文・高畑和弥(日立総合計画研究所 電子政府プロジェクト・リーダー)

 SNS(Social Networking Service または Social Networking Site:ソーシャル・ネットワーキング・サイト)とは、参加者が交友関係を広げることを目的とした会員制のWebサイトです。2003年ごろから米国で盛んになり、日本でも「mixi(ミクシィ)」「GREE(グリー)」など、ここ1、2年の間に多くのSNSが開設されています。利用者も急増しており、総務省の「ブログ及びSNSの登録者数」によると2005年9月末時点で日本国内の登録者数は339万人と推計されています。また、総務省が中心となって推進している「情報フロンティア研究会」研究報告(2005年6月)の試算では2007年3月末には登録者数は1042万人に達すると見込まれています。

 SNSに会員として登録すると、自分のホームページが割り当てられ、そこに自己紹介や日記などを掲載することができます。さらに、友人のホームページと自分のホームページをリンクさせたり、さまざまなコミュニティー(ある特定のテーマについて他の参加者と意見交換や情報共有を行うための交流の場)に参加したりすることができます。

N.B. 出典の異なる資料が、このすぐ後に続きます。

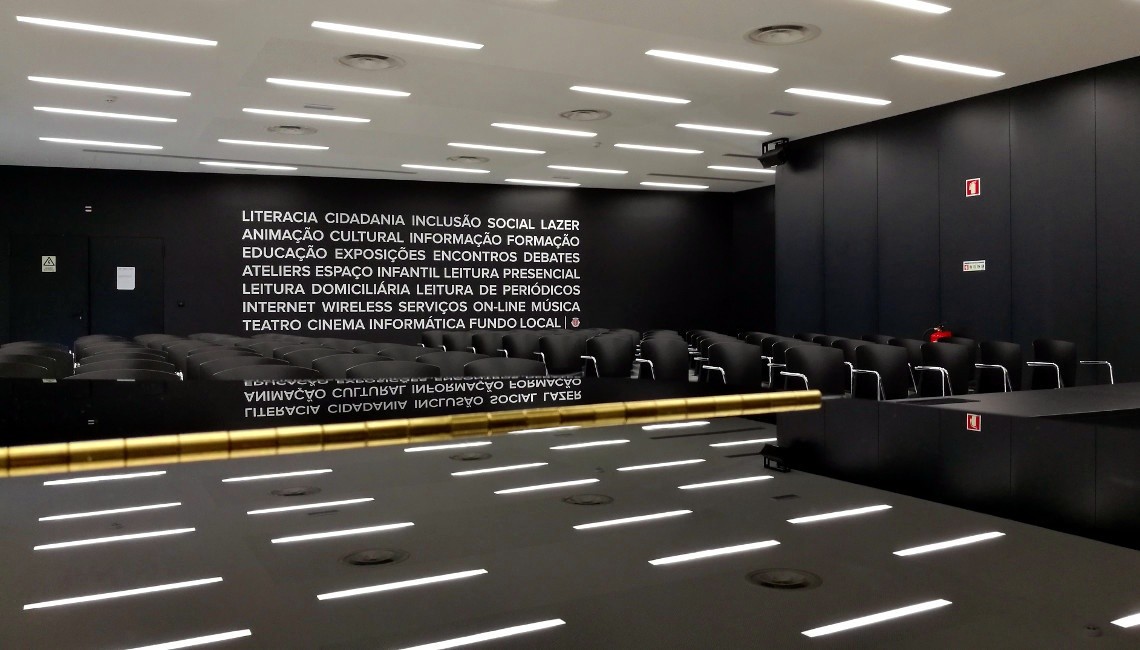 Fábrica das Palavras – Biblioteca Municipal e Equipamento Cultural de Vila Franca de Xira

 誰でも利用できる電子掲示板やブログと異なり、大半のSNSでは会員からの招待がないと参加できない「招待制」を採用しています。また、匿名での書き込みは行えないため、悪口や中傷などのトラブルが少ないという利点があります。現在、地方自治体が提供する電子会議室は電子掲示板を利用したものが主流です。しかし、一部の地方自治体を除いては参加者が少なく活発な議論が行われなかったり、悪口や中傷によって会議室に混乱が生じるなどの問題を抱えており、健全に機能している事例はわずかです。こうした状況を打開するための手段としてSNSの活用が注目を集めています。

 熊本県八代市では、2004年10月から地域ポータルサイト「ごろっとやっちろ」を電子掲示板からSNSに変更しました。その後、登録者数、アクセス数ともに急増し、最近では1日120件前後の書き込みがあるほどの活況を呈しています。また、問題発言なども少なく、活発な議論と秩序の両立に成功しています。「ごろっとやっちろ」のソースコードは「open-gorotto」というサイトでオープンソースとして公開されており、このソースコードを利用したSNSの構築を検討する地方自治体も現れています。

 総務省では、SNSと公的個人認証サービスに対応した電子アンケートシステムを使った実証実験として、新潟県長岡市と東京都千代田区を対象に「地域SNS等を活用した地域社会への住民参画に関する実証実験」を開始しています。2005年12月から約2ヵ月間にわたって行われるこの実証実験では、ITを活用した地域コミュニティー内の交流推進に加えて、災害時用の情報提供メディアとしての活用など、SNSのさまざまな活用方法と課題を明らかにすることを目指しています。

 一方、地方自治体だけでなく、「Clover(兵庫県)」「ドコイコSNS(香川県)」「VARRY(福岡市)」などのように、民間企業が地域限定のSNSを立ち上げる事例も多く見られます。地域活性化や地域コミュニティー内の交流推進を目指したこれらのSNSを特に「地域SNS」と呼ぶこともあります。今のところ地域SNSの運営については、地方自治体と民間企業の間に明確なすみ分けが存在しません。今後は、地方自治体が地域SNSのような草の根的メディアにどの程度まで関与すべきかという点が検討課題として残るでしょう。